Secondly, any furling system adds weight aloft, question is how much?
On a 40' boat the main weighs about 15kg and the furler around 18kg with a combined VCG of 7.3m. This gives us a negative moment of 249 kg/m. In a masthead rig with an additional furling genoa it would be twice that, i. e. 500kg/m or 3600ft/pounds in old money. To compensate you would have to add 393 kg to your ballast.
Now you could argue that you still need your sails to go anywhere, so in this case a non-furling main would weigh 18kg less or have 153kg/m less heeling moment. The real issue comes when the yacht is proceeding with both genny and main furled, in high winds under trysail and storm jib, just when you really would want to keep all that weight low. In a 40' boat, sails and furling gear account for 20% of the total weight of the rig, of this the furling gear alone accounts for 70%.
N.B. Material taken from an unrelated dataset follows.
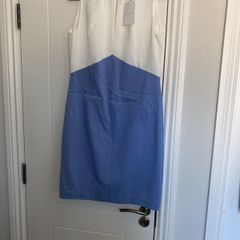 Ted Baker dress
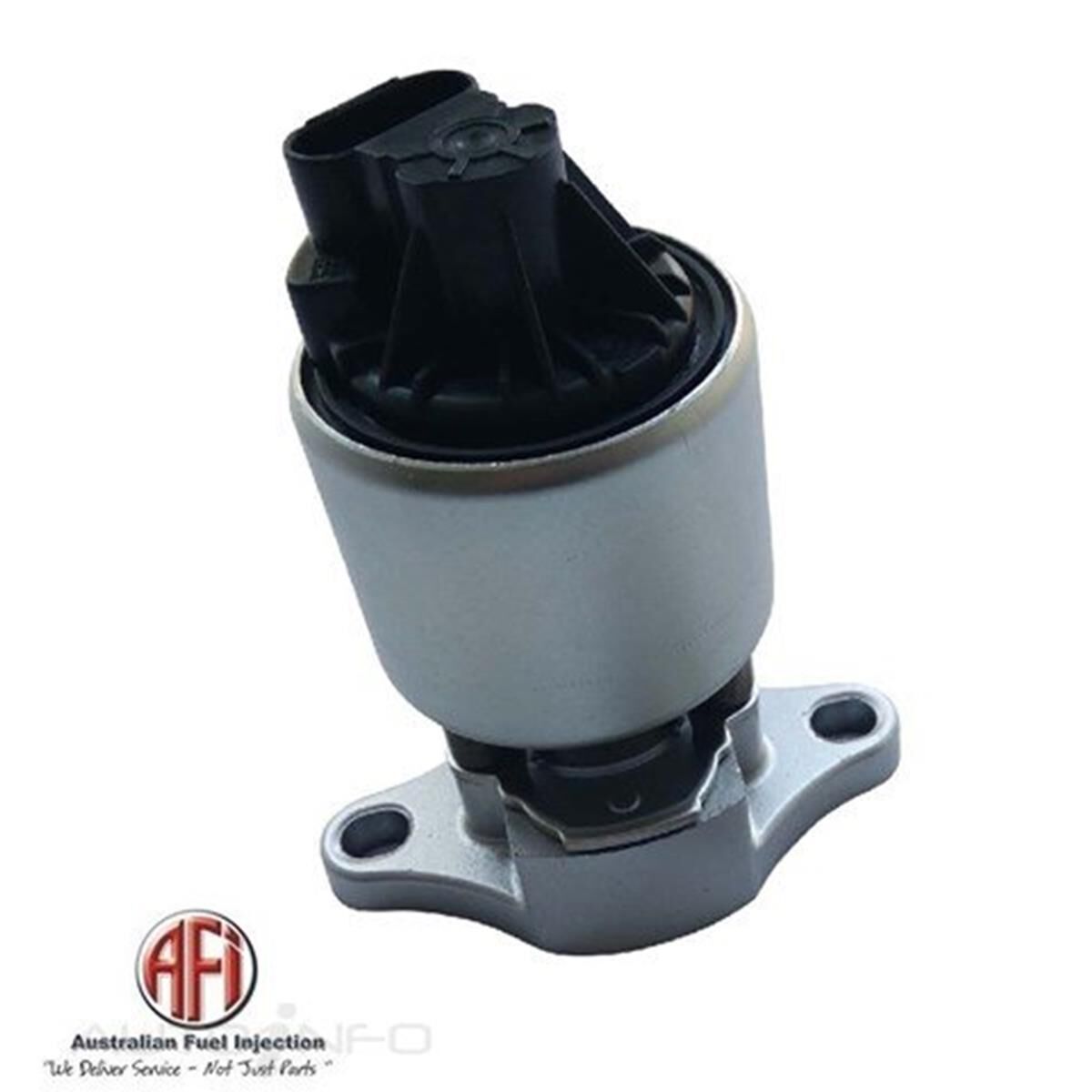 EGR VALVE GMH RODEO, , scaau_hi-res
On smaller boats, that are inherently less stable, the figures are less favourable still.

Does that mean we cannot design a boat that can stand up to it's furling gear? Of course not, it is just another thing to consider that doesn't contribute to stability or performance (As I had said, no more no less).
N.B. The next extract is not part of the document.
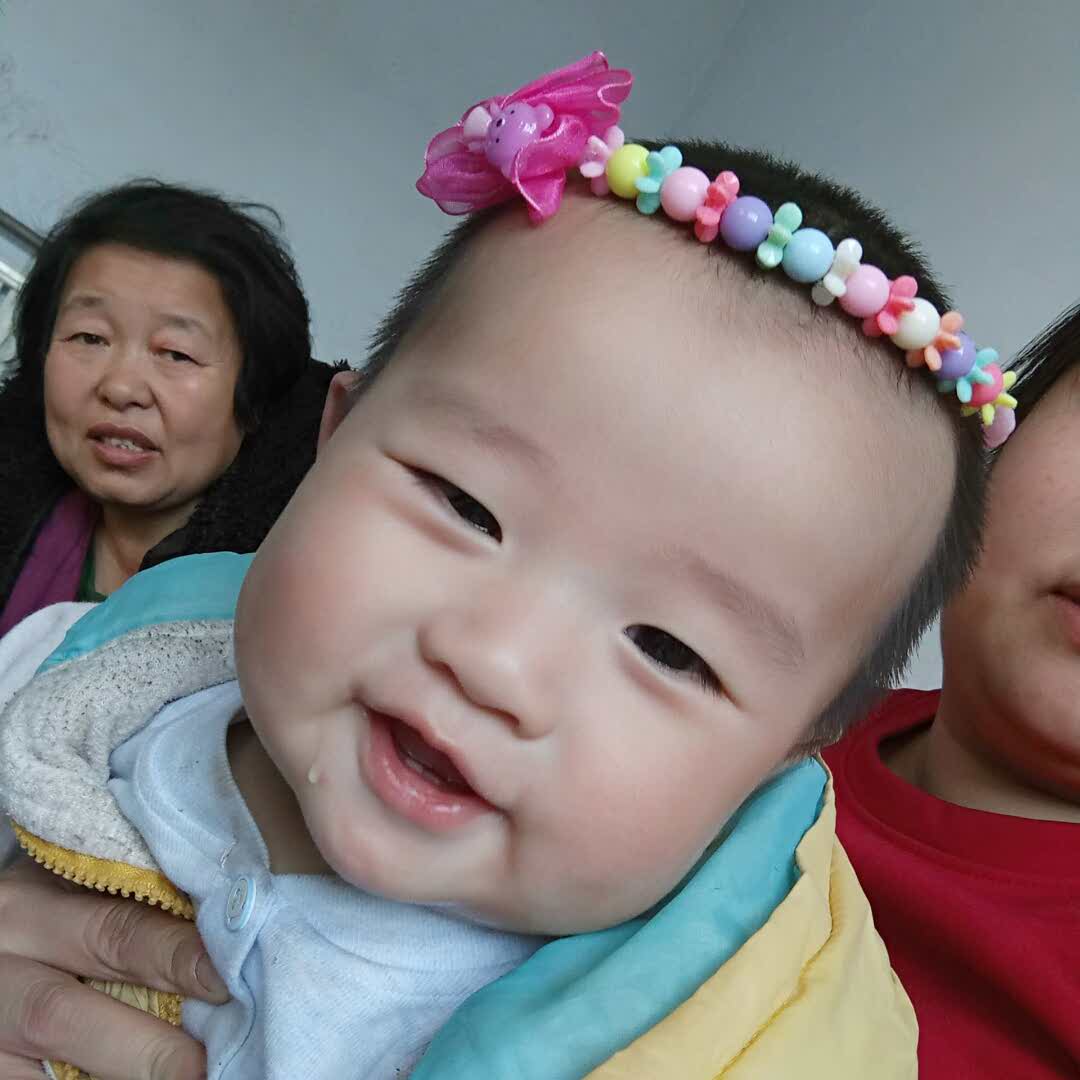 孟虎的头像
So, can we trust the designers, builders or the RCD for that matter? Just take published displacement figures for example. Displacement is the single most important figure governing performance, comfort and safety, yet there is absolutely no consensus on what that actually means: design weight, building weight (usually and at times considerably more than designed), empty weight, half load, cruising load and if so coastal or offshore, and then there is liveaboard? Now that boats "appear" to be getting lever lighter, the BA/D ratios are also getting lower and with the entire industry remarkably coy about disclosing real figures, one does have to wonder.
On the up-side: most rigs are designed with formidable safety factors, most sailors never go offshore or sail in adverse conditions and most boats, statistically counting, are only ever moved three days a year.
 
I have sailed quite some distance on a 42 ft boat with an in-mast main, but an external trach fitted just to one side of the sail slot for the inmast main. We used a fully battened slab-reef main for racing on the external track, and for cruising or heavy weather just used the internal furling one
Please let me know the detail on " fully battened slab-reef main on the external track" because I'm considering the parallel usage, a fully battened main on external track as primary, and in-mast furling as secondary.
Currently, the latter only on an old 34ft yacht with Selden mast.
 
This may be a numpty question, but is it possible (and financially viable) to convert an in-mast furling (1980's selden) mast back to using conventional sails? I am not comfortable with the idea of old in mast furling systems for an extended cruising boat, but one of the otherwise desirable boats that I am looking at has in-mast furling. Changing the mast would, I suspect, be excessively expensive.

Neil,
I had an EasyReef bolt on furling system converted back to slab reefing after if failed (was nearly 30 years old). This was a fairly simple procedure as the original mast lay underneath with the right slots for the mainsail. The main expense was the new sail. As you said, a new mast is very, very expensive. Try talking to Allspars (branches in Plymouth and the Solent) and I am sure they will be able to help with your identifying your mast as they are Selden agents. Good luck.